Australia’s largest beauty convention, Meccaland, took place this weekend, and is a revolutionary brand event for retailers.
Makeup lovers, rejoice. Meccaland returned for another year and was bigger than ever. The three-day beauty festival is one of Australia’s largest brand events, with over 15,000 beauty obsessives in attendance.
The event, hosted by creative agency, TABOO, is three times larger than the previous year’s event and featured 44 of Mecca’s brands. Located in Sydney, the event included Instagram-worthy neon lights, a Mecca-branded Ferris wheel, ‘PopStar Park’ and prop bubble baths.
Mecca Cosmetica opened over 20 years ago and has since become one of Australia’s largest destinations for beauty, skincare and hair products. Now there are more than 80 stores across Australia and New Zealand, as well as an e-commerce platform. They currently house more than 100 brands and offer a successful loyalty program, ‘Mecca Beauty Loop’, with three level tiers, complimentary makeup applications, lessons and quarterly gift boxes for customers.

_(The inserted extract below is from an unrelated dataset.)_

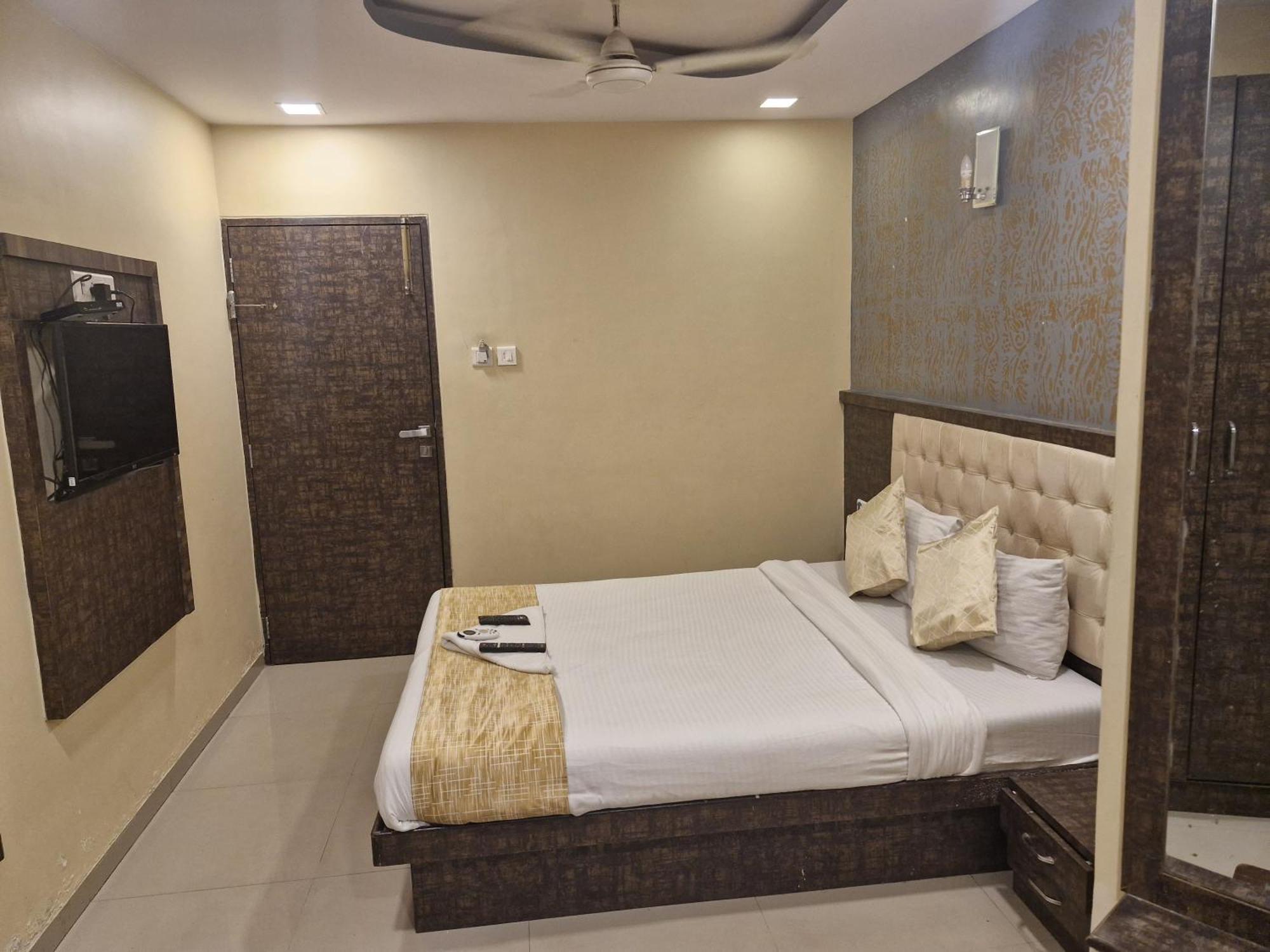 Hotel Crystal Park Near Nesco Exhibition Center Bombay Esterno foto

Crowds lined to the doors on Saturday morning, with some attendees travelling interstate and internationally for the event. WWD has named Meccaland as the ‘Coachella for Cosmetics’, and has been shortlisted for the Glossy Awards, who recognises companies who transform the fashion and beauty industry internationally.
Meccaland advertised the event across social media and in-store, offering day passes and weekend passes to the beauty junkies. Some special guests included YouTube stars, Chloe Morello and Shani Grimmond, as well as Victoria’s Secret model, Rosie Huntington-Whiteley, among others.
TABOO and Mecca took inspiration from the world’s most popular and well-received entertainment experiences from the past and funnelled it into Meccaland. The consumers who visited were immersed in five worlds of beauty, skincare, creativity and diverse self-expression. TABOO’s Creative Director, Reece Hobbins said: “Both TABOO and the Mecca team have aspired to evolve the beauty experience beyond anything done before. This means focusing on understanding what today’s “beauty junkie” truly values – not just in a brand or retail experience, but also the cultural relevancy, the entertainment & education factor, and what is actually worthy of their time.”
It’s clear that the event is a massive and innovative step forward for retailers. Meccaland took the thoughts, ideas and reviews from its customers, and curated a diverse and immersive event made for self-expression. Not only could consumers meet their favourite makeup artists, but they could also listen to them offer advice on panels, try new products and purchase Mecca’s merchandise with an exclusive discount.
“Digital – more specifically the social platforms have been the greatest gift to beauty, because I feel that everybody can express themselves … there are so many communities that have mushroomed up,” explained Jo Horgan, founder of Mecca Cosmetica.
Alongside the bright colours, loud dance music and endless beauty, the event heavily promoted the use of social media. Selfie-ready giant baths, oversized mirrors, booths, and branded walls were plastered on every corner, prompting event-goers to share their time at the festival on Instagram. Over 10,000 posts on Instagram feature the #meccaland hashtag.
According to Hobbins, Meccaland was not just an event to amass further sales, but to build trust with customers. “It’s getting exclusivity, it’s getting to customise products, it’s getting the ability to see what’s new and fresh before it comes out,” said Hobbins. The event creates an inclusive and one-of-a-kind insight to the billion dollar beauty industry, and makes the attendees feeling like they’re a part of something huge.
The inaugural Meccaland launched in Melbourne in 2018, to celebrate the 20th anniversary of the beauty company. However, this year’s festival surpassed the previous event, making it Australia’s largest branding event.
So, what can other brands take away from this spectacular event? Well, building trust with customers shouldn’t just end at personalisation. Some advice from TABOO’s Group Director, Kate Prowse: “Adding real value doesn’t mean just giving away free product. It is also creating moments worth remembering.”Creating something, even if it’s not at the same epic size as Meccaland, that resonated with customers, and makes them feel as if they’re part of a special group and feel included, will help develop long-lasting trust between a retailer and its customer.